Dataset records:
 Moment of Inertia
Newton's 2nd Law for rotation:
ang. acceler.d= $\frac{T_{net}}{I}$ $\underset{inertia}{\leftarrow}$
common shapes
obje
--
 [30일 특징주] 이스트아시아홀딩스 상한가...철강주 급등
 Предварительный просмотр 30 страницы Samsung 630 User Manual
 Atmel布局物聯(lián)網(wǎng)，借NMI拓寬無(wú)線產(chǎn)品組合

Exercise: Working from the records above, write out verbatim only the lines from the line containing "[30일 특징주] 이스트아시아홀딩스 상한가...철강주 급등" through the line containing "Atmel布局物聯(lián".

Response to this exercise:
 [30일 특징주] 이스트아시아홀딩스 상한가...철강주 급등
 Предварительный просмотр 30 страницы Samsung 630 User Manual
 Atmel布局物聯(lián)網(wǎng)，借NMI拓寬無(wú)線產(chǎn)品組合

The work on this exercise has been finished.